The following post is by MPFJ staff writer Travis. Travis is a customer blogger for CareOne Debt Relief Services, and also appears weekly at Enemy of Debt. Travis candidly shares his personal journey to pay off $109,000 of credit card debt and the tips he’s learned along the way. As a father and husband he provides a unique perspective on balancing debt, finances, and family.
I was doing my usual routine of putting away laundry on Sunday night when I realized that I had more shirts than I did hangers. As I went through the closet piece by piece looking for unused hangers hiding between shirts, I shook my head realizing I don’t wear more than a third of the pieces of clothes that I own.
It was time to do a closet purge.
I went through not only my closet, but also my dresser drawers removing anything that I hadn’t worn within the last year. When I had finished, there was a massive pile of clothes in the middle of my bedroom floor.

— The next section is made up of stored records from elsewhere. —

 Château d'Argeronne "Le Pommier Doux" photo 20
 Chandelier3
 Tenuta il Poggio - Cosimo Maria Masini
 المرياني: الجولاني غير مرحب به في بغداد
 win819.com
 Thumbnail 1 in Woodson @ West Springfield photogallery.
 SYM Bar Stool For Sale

Normally, this is where I would stuff everything into a couple of heavy duty garbage bags and drop them off at Goodwill. The last time I did this, my neighbor asked me if I had received a receipt for my taxes. I remembered being asked by the guy at the donation center if I wanted one, and I knew I could use charitable donations to benefit my tax return, but I just didn’t know enough about the process so I declined.
So, I did some research on donating non-cash items to charity.

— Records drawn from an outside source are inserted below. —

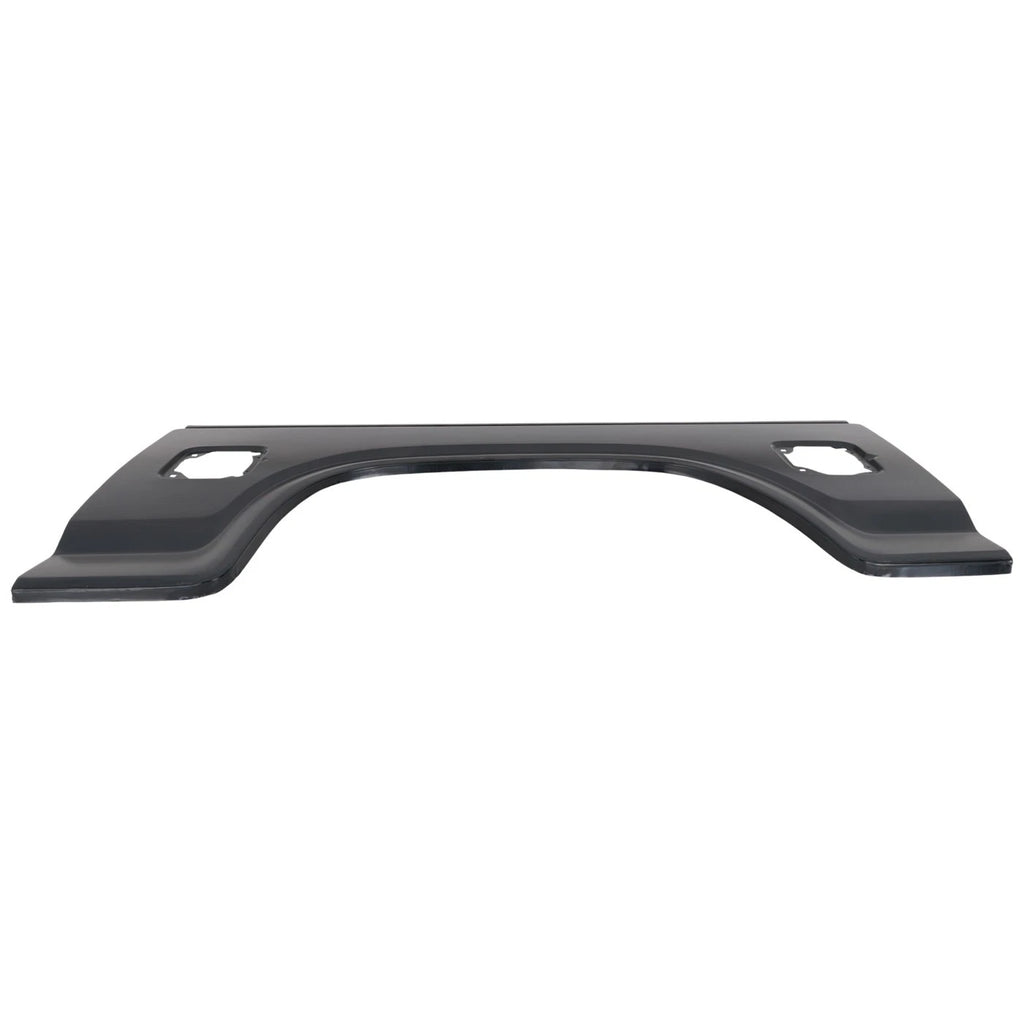 Rear Driver Left Wheel Arch Repair Panel for F150 F250 F350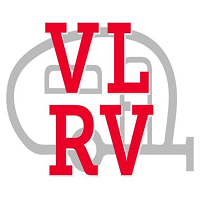 Versatile Links RV Services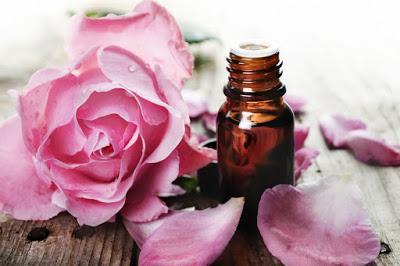 farmaceuticainmavinue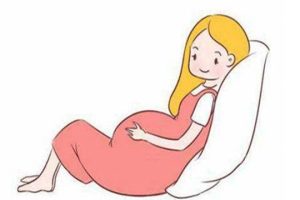 试管婴儿确定方案后,需要注射哪些针剂?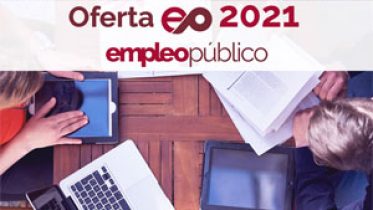 OEP2021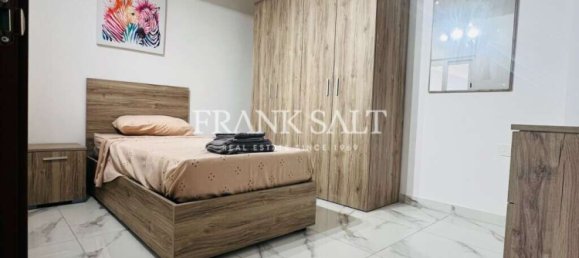 2 bedrooms Maisonette in Zebbug, Malta No. 11455 2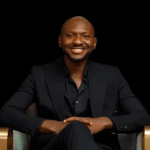 How Ayobami Akindipe, real estate icon, journeyed into Forbes 30 Under 30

It turns out you can’t just load up some garbage bags with your old stuff, throw them out the back of your van at the Goodwill drop off center while barely slowing down, and write a random dollar value on your tax forms.
There’s some things you need to know about when donating non-cash items to charities.
1. Charities can’t sell worn out or broken items. I separated my clothes into two piles. One of clothes that were soiled, stained or ripped, and another of clothes that were in gently used condition. The first pile was loaded into a garbage bag and tossed outside to be disposed of.
2. You have to estimate the value of your donation to report on your tax return: I separated the pile of gently used items by type: shirts, pants, sweatshirts, and sweaters. Then I grabbed my laptop, and created a spreadsheet inventorying every article of clothing I was going to donate.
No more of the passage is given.